Overall it uses a number of 256-bit AES GCM key to encrypt the files — and with a 96-bit IV. These keys are encrypted with the public key of the intruder, and where the associated private key would be required to recover them. If the files are greater than 10MB, they are then split into 10MB chunks (and then encrypted individually), as this speeds up the encryption process. Each files or chunks then has additional metadata which defines: the chunk index, the chunk size, the IV value, and an RSA encryption version of: the Victim ID and AES key.
One thing the malware needs to avoid is to crash the system.

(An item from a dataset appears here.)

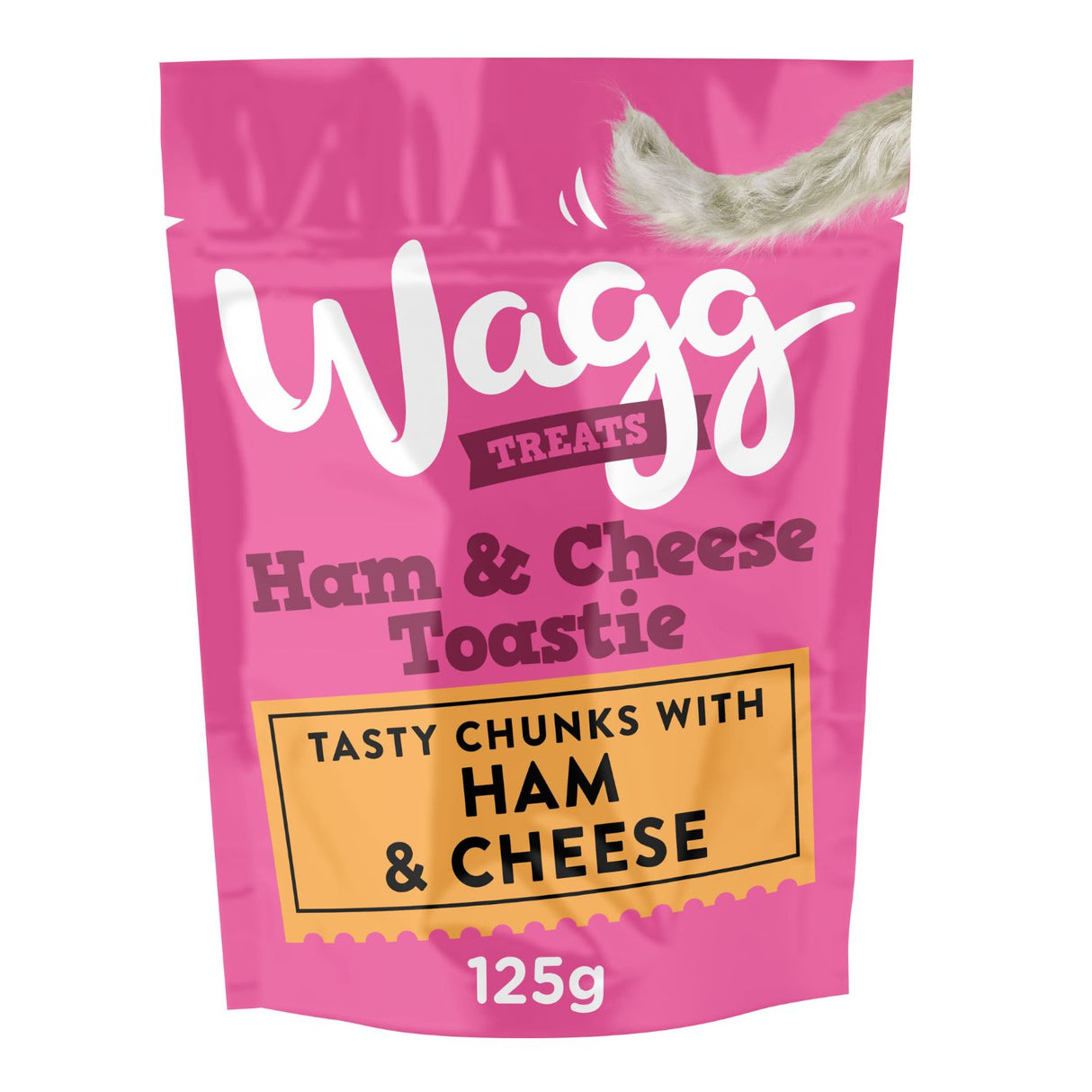 Wagg Treats 125g Ham & Cheese Toastie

The malware thus stays away from executable programs such as those with an extension of “mui”, “exe”, “dll”, “lolz”, and from various folders, such as:“Windows”, “Boot”, “System Volume Information”, “Program Files\\Common Files\\Microsoft Shared” and “Users\\All Users”. Along with this is will avoid key system files such as : “bootmgr”, “BOOTSECT.BAK”, and “pagefile.sys”.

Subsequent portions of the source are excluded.